The lines to copy run from the one containing "2PCs VW car" to the last line of the entries; output those lines exactly and only them, without pictures.

━━━ EXERCISE MATERIALS ━━━

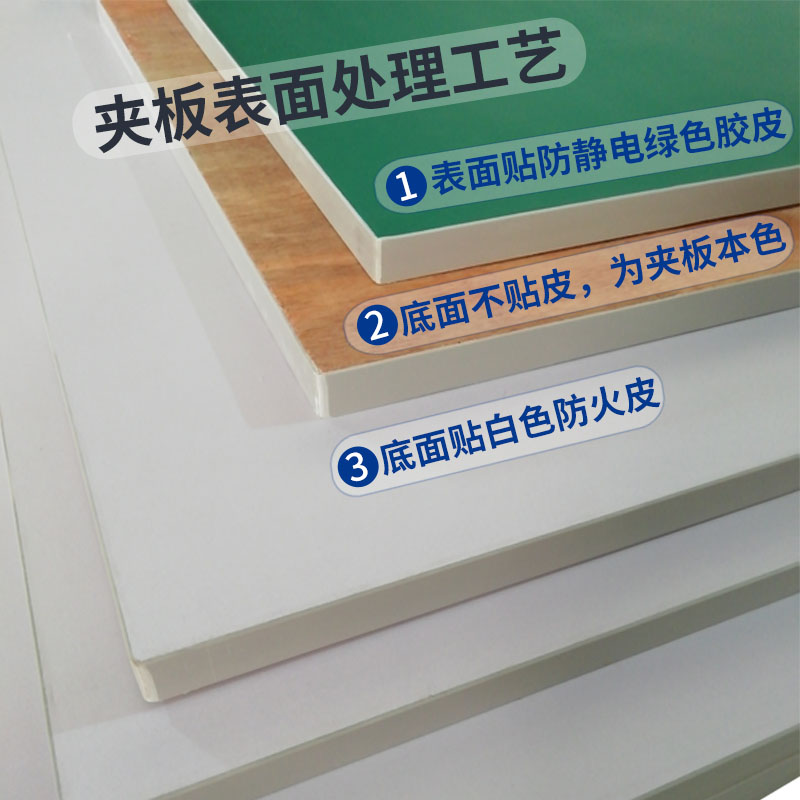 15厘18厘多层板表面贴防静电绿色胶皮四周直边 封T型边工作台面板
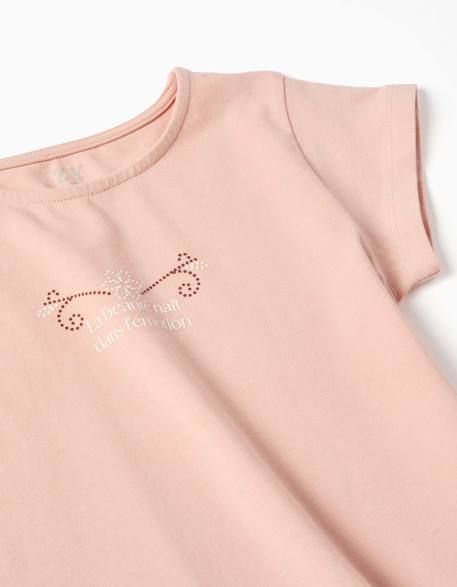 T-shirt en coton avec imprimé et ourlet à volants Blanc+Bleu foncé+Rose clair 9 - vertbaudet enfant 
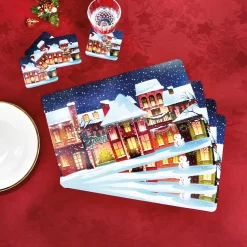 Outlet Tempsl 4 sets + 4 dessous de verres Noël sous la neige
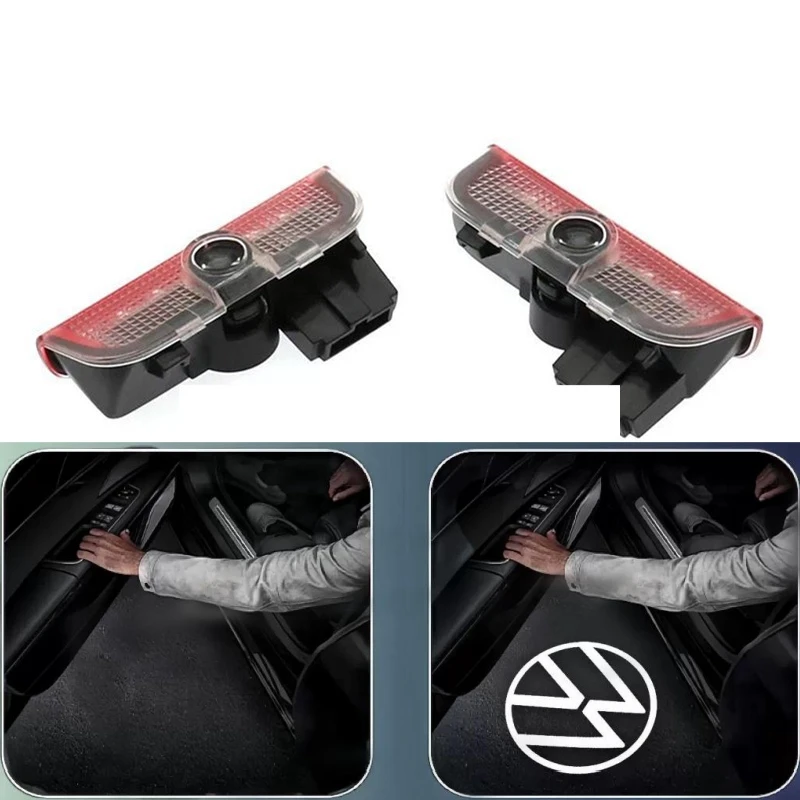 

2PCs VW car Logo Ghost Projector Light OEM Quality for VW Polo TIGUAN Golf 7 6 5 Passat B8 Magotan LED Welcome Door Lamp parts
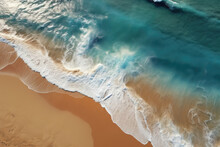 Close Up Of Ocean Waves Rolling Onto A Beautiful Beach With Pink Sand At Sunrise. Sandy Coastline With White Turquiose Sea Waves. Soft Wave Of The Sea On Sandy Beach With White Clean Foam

━━━

### ANSWER TO THIS EXERCISE:
2PCs VW car Logo Ghost Projector Light OEM Quality for VW Polo TIGUAN Golf 7 6 5 Passat B8 Magotan LED Welcome Door Lamp parts
 Close Up Of Ocean Waves Rolling Onto A Beautiful Beach With Pink Sand At Sunrise. Sandy Coastline With White Turquiose Sea Waves. Soft Wave Of The Sea On Sandy Beach With White Clean Foam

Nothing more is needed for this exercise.